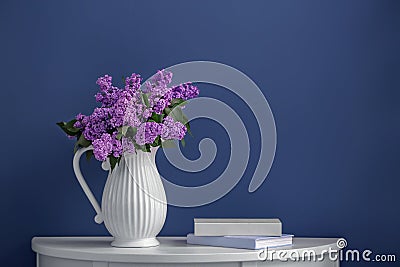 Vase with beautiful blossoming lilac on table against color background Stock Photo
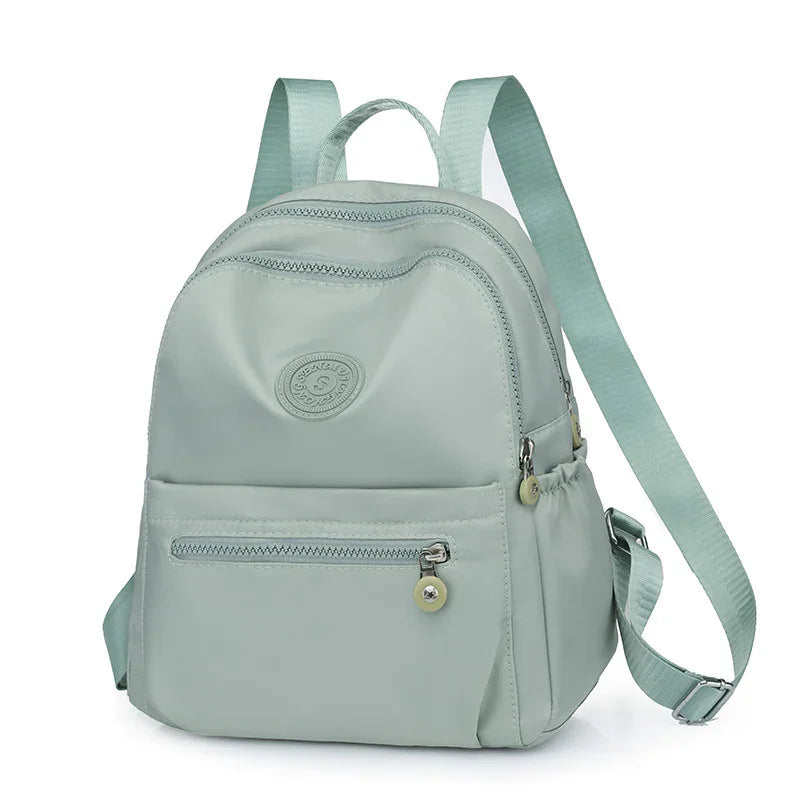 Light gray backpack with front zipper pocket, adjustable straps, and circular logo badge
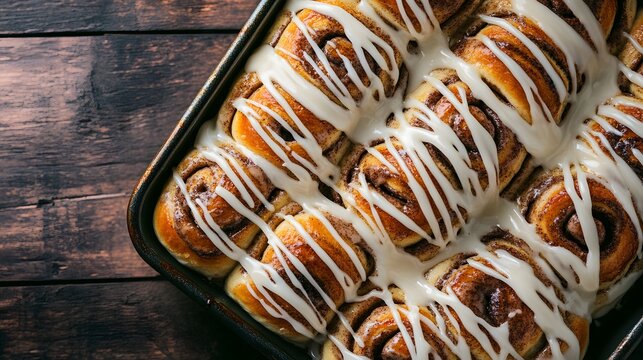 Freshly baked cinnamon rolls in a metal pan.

...

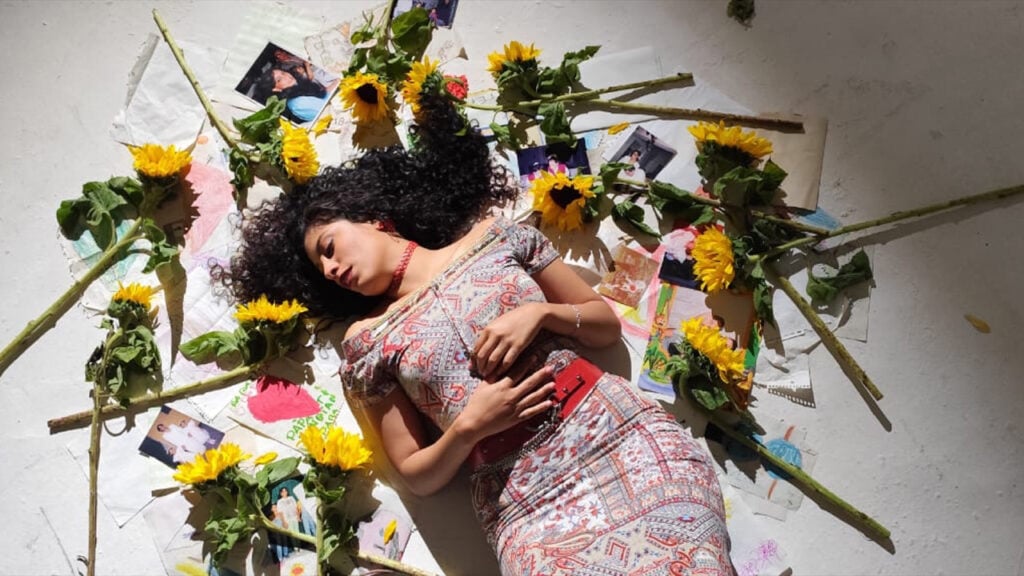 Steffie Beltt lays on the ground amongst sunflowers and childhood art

==

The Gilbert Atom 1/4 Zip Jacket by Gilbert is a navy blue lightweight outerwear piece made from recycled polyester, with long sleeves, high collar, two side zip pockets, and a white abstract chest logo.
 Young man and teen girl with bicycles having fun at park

### Exercise requirements
In the listing above, find the line containing "Light gray backpack". Output it and every line after it up to and including the line containing "Freshly baked cinnamon rolls in a metal pan.", exactly, but skip the pictures.

### Written solution
 Light gray backpack with front zipper pocket, adjustable straps, and circular logo badge
 Freshly baked cinnamon rolls in a metal pan.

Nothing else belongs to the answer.